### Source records
"""

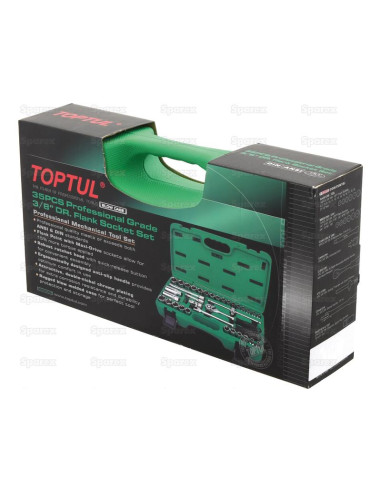 35 pza. Juego de tomas de brida de 3/8'' de...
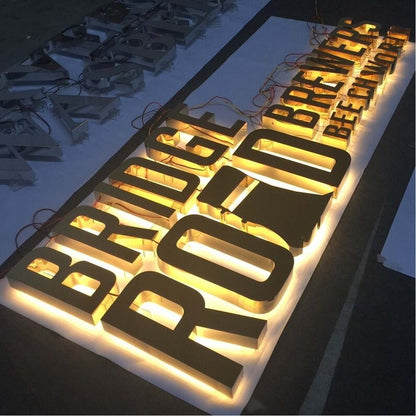 Bridge Road Brewers 3D Backlit Channel Letters Led Light Sign - Shineneon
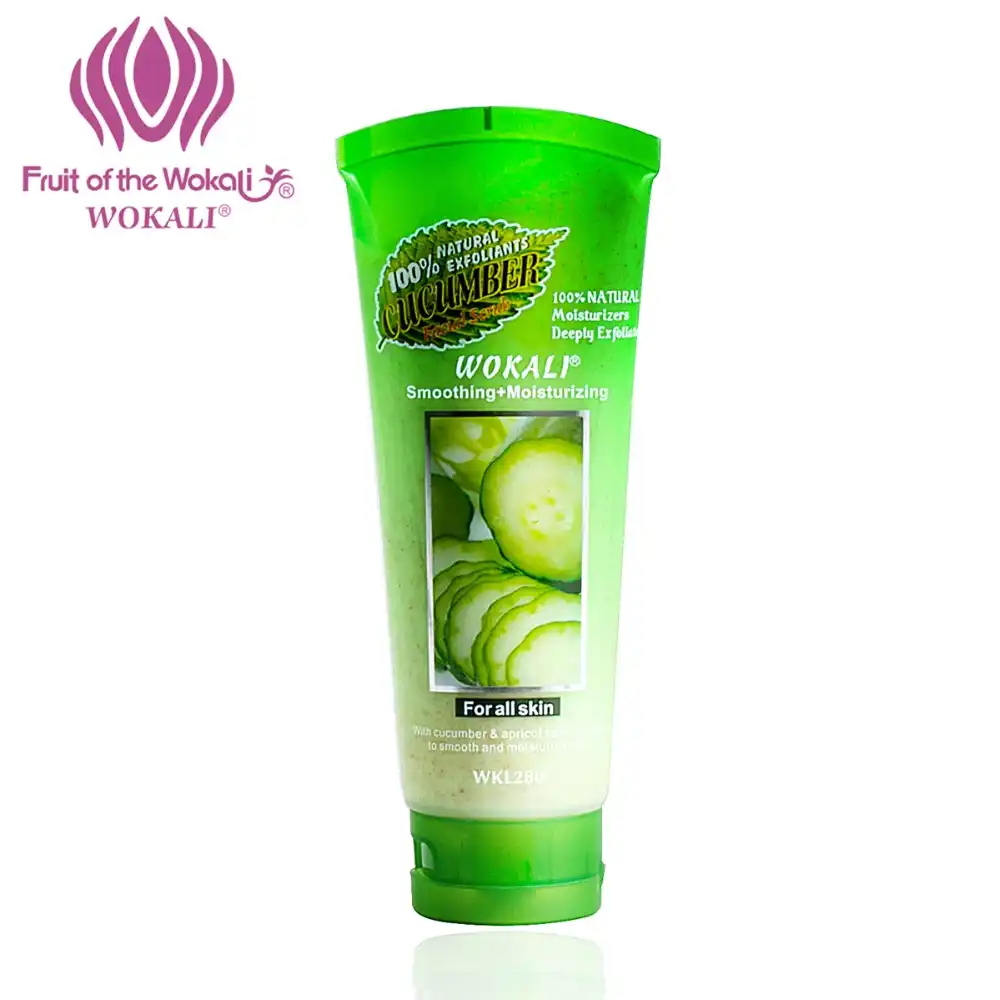 Wokali 100 جرام مقشر طبيعي مقشر تبييض ترطيب الجسم كريم تقشير الحليب فرك جل رائحة الخيار - AliExpress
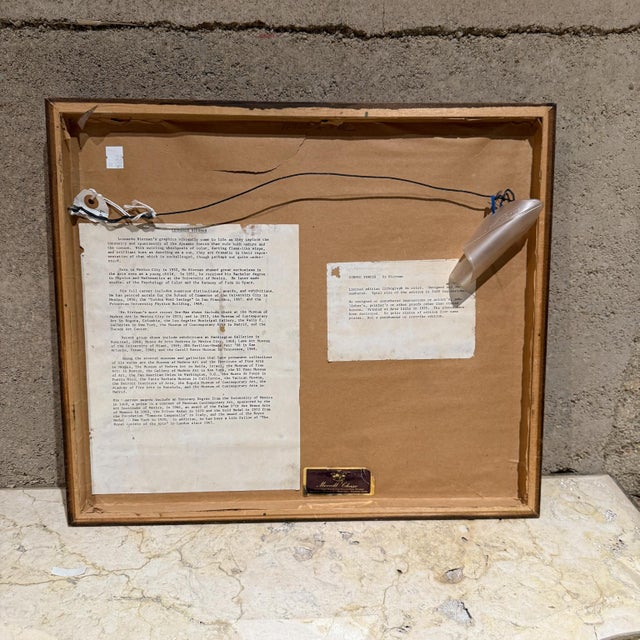 1980s Leonardo Nierman Cosmic Art Lithograph 184/250 Mexico For Sale - Image 11 of 11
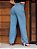 Calça jeans feminina Wide Leg básica clara cintura alta - Imagem 4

"""

### PROBLEM TO WORK ON
With the pictures left out, transcribe exactly the lines from the line holding "1980s Leonardo Nierman" through the closing line of the entries.

### ANSWER SPACE
 1980s Leonardo Nierman Cosmic Art Lithograph 184/250 Mexico For Sale - Image 11 of 11
 Calça jeans feminina Wide Leg básica clara cintura alta - Imagem 4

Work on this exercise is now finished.